From 515697b53c1614d05d39491c9af83e8d8b844b17 Mon Sep 17 00:00:00 2001
From: Lars Ellenberg <lars.ellenberg@linbit.com>
Date: Fri, 8 Oct 2021 12:01:41 +0200
Subject: [PATCH 2/6] Fix NFSv4 lock failover: set NFS Server Scope, regardless
 of EXEC_MODE

Debian (and other systems) may provide "init scripts",
which will only redirect back to systemd.

If we just unshare --uts the init script invocation,
the uts namespace is useless in that case.

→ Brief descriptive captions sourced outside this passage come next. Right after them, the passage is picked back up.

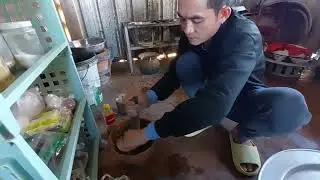 ใผมีลูกหลานที่เป็นหอบหืดลองเอาหัวหว้านหอมให้กินเบิ่งเด่อ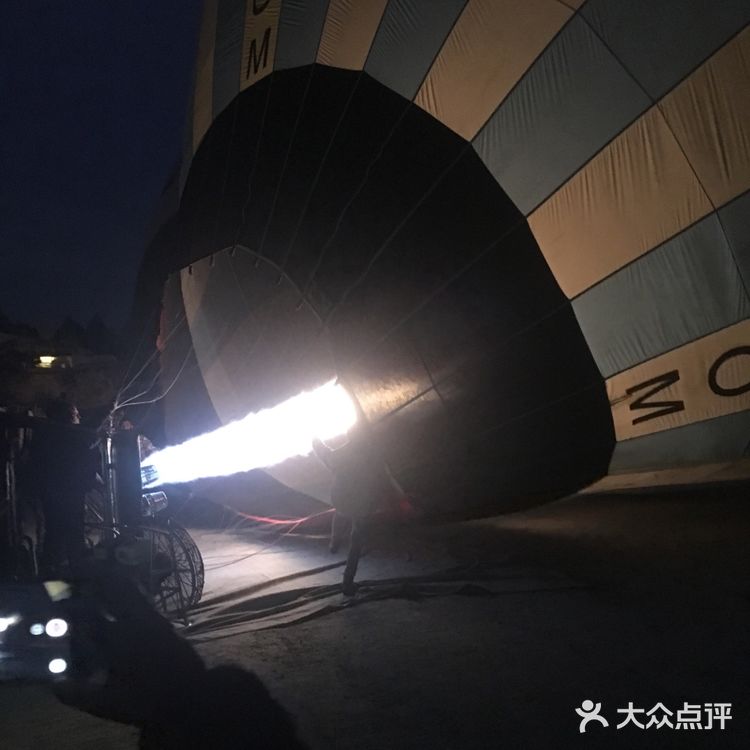 带你去浪漫的土耳其🇹🇷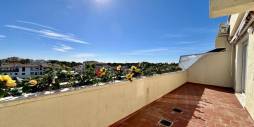 Gebraucht - Penthouse - Torrevieja - 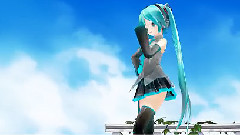 初音未来 - ハロ/ハワユ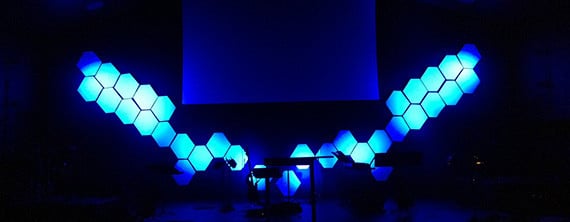 V-Hive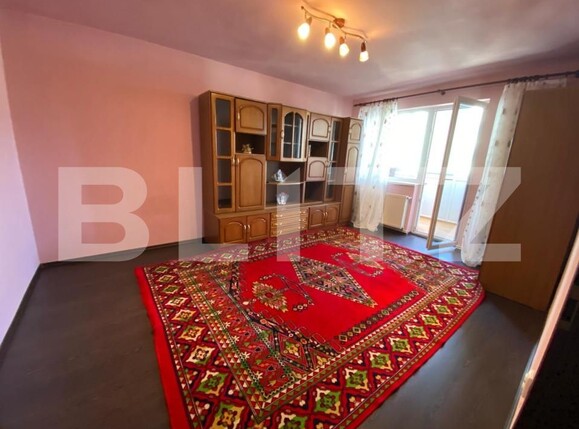 Apartament de închiriat 2 camere Manastur - 161291AI | BLITZ Cluj-Napoca | Poza4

If systemd is running, mangle the nfs-server.service unit,
independent of the "EXEC_MODE".
---
 heartbeat/nfsserver | 18 ++++++++++++++----
 1 file changed, 14 insertions(+), 4 deletions(-)

diff --git a/heartbeat/nfsserver b/heartbeat/nfsserver
index 0888378645..054aabbaf6 100755
--- a/heartbeat/nfsserver
+++ b/heartbeat/nfsserver
@@ -745,13 +745,20 @@ nfsserver_start ()
 	is_redhat_based && set_env_args
 	bind_tree
 	prepare_directory
-	case $EXEC_MODE in [23])
+
+	# Debian (and other systems) may provide "init scripts",
+	# which will only redirect back to systemd.
+	# If we just unshare --uts the init script invocation,
+	# the uts namespace is useless in that case.
+	# If systemd is running, mangle the nfs-server.service unit,
+	# independent of the "EXEC_MODE" we detected.
+	if $systemd_is_running ; then
 		if [ -z "$OCF_RESKEY_nfs_server_scope" ] ; then
 			remove_unshare_uts_dropins
 		else
 			inject_unshare_uts_name_into_systemd_units
-		fi ;;
-	esac
+		fi
+	fi
 
 	if ! `mount | grep -q " on $OCF_RESKEY_rpcpipefs_dir "`; then
 		mount -t rpc_pipefs sunrpc $OCF_RESKEY_rpcpipefs_dir
@@ -970,7 +977,9 @@ nfsserver_stop ()
 		ocf_log info "NFS server stopped"
 	fi
 
-	case $EXEC_MODE in [23]) remove_unshare_uts_dropins;; esac
+	if $systemd_is_running; then
+		remove_unshare_uts_dropins
+	fi
 
 	return $rc
 }
@@ -1008,6 +1017,7 @@ nfsserver_validate ()
 }
 
 nfsserver_validate
+systemd_is_running && systemd_is_running=true || systemd_is_running=false
 
 case $__OCF_ACTION in
 	start)      nfsserver_start

From e83c20d88f404f9f9d829c654883d60eb6cc9ff3 Mon Sep 17 00:00:00 2001
From: Lars Ellenberg <lars.ellenberg@linbit.com>
Date: Fri, 8 Oct 2021 17:06:18 +0200
Subject: [PATCH 3/6] Fix NFSv4 lock failover: add missing "|cut -f1" in
 remove_unshare_uts_dropins

---
 heartbeat/nfsserver | 2 +-
 1 file changed, 1 insertion(+), 1 deletion(-)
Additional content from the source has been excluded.